# What to do:
The lines below, from the one holding "Nuthall Temple, 1792" through the final line, are to be copied exactly, with no other lines and no pictures.

[Opening Record extracts section]

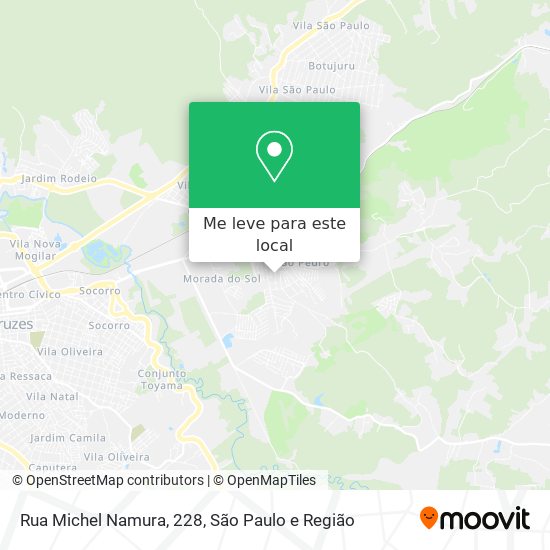 Rua Michel Namura, 228 mapa
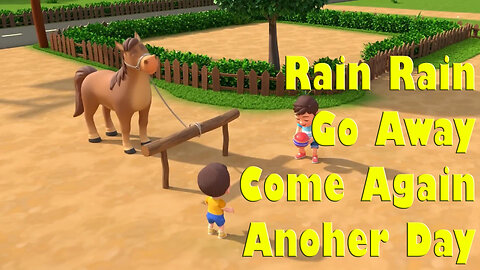 Rain Rain Go Away | Cartoon | Rhymes | Kids Cartoon | Chidlren Cartoon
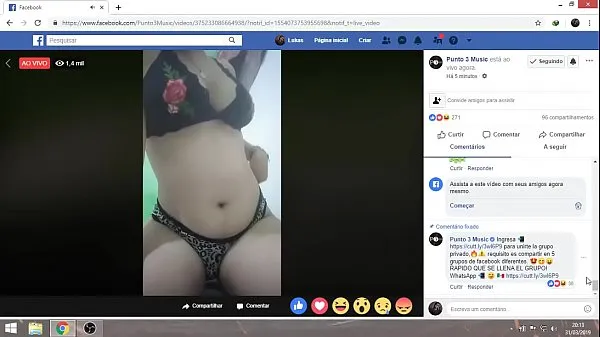 Hot Mexican showing off on facebook fine Clips
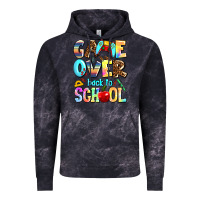 Cloud Black game over back to school Vintage Hoodie - AdoDesignShop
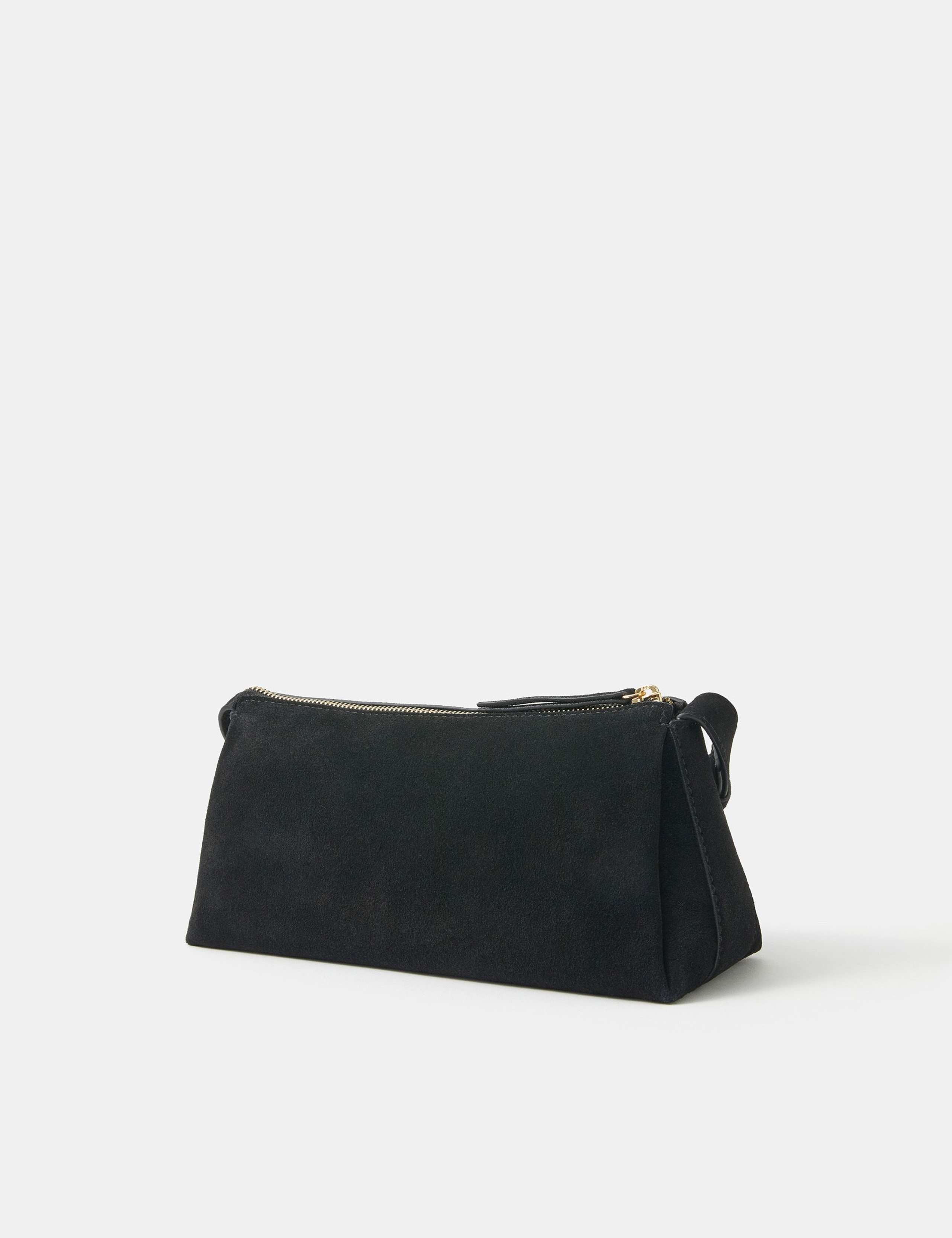 Suede Cross Body Bag 2 of 5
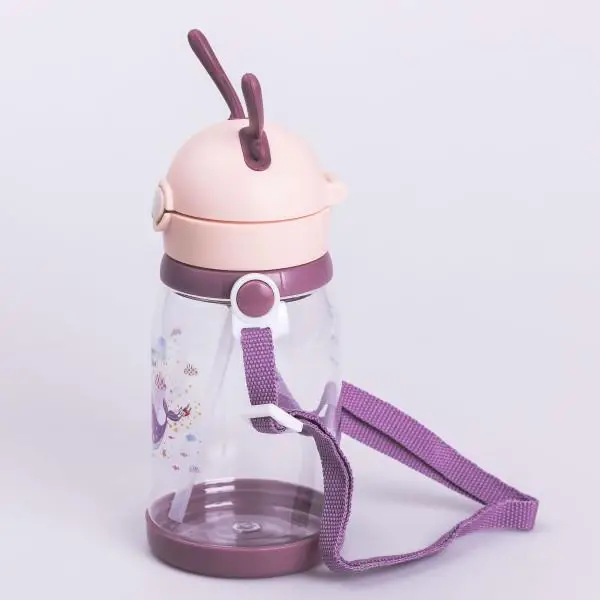 Пляшка для води дитяча на ремінці 550 мл Рожевий (HP-14-44P) - фото 3 Пляшка для води дитяча на ремінці 550 мл Рожевий (HP-14-44P) - фото 3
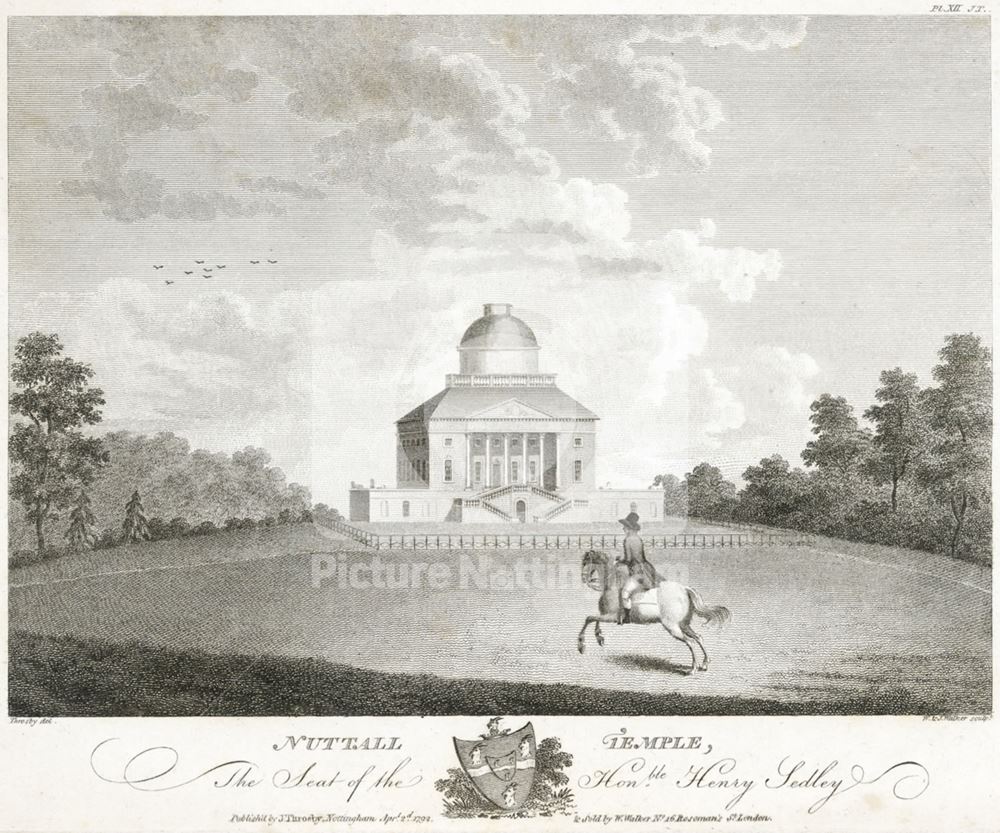 Nuthall Temple, 1792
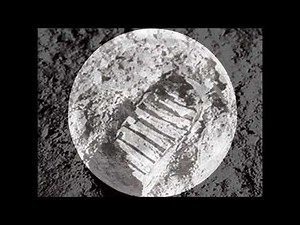 First Footprint on the Moon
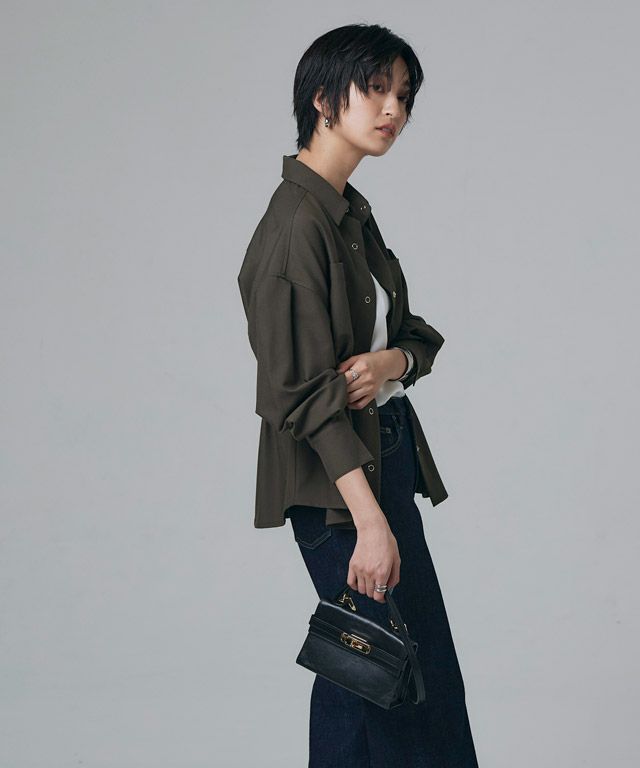 166cm / ダークブラウン / M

[Closing Record extracts section]

# Reply:
 Nuthall Temple, 1792
 First Footprint on the Moon
 166cm / ダークブラウン / M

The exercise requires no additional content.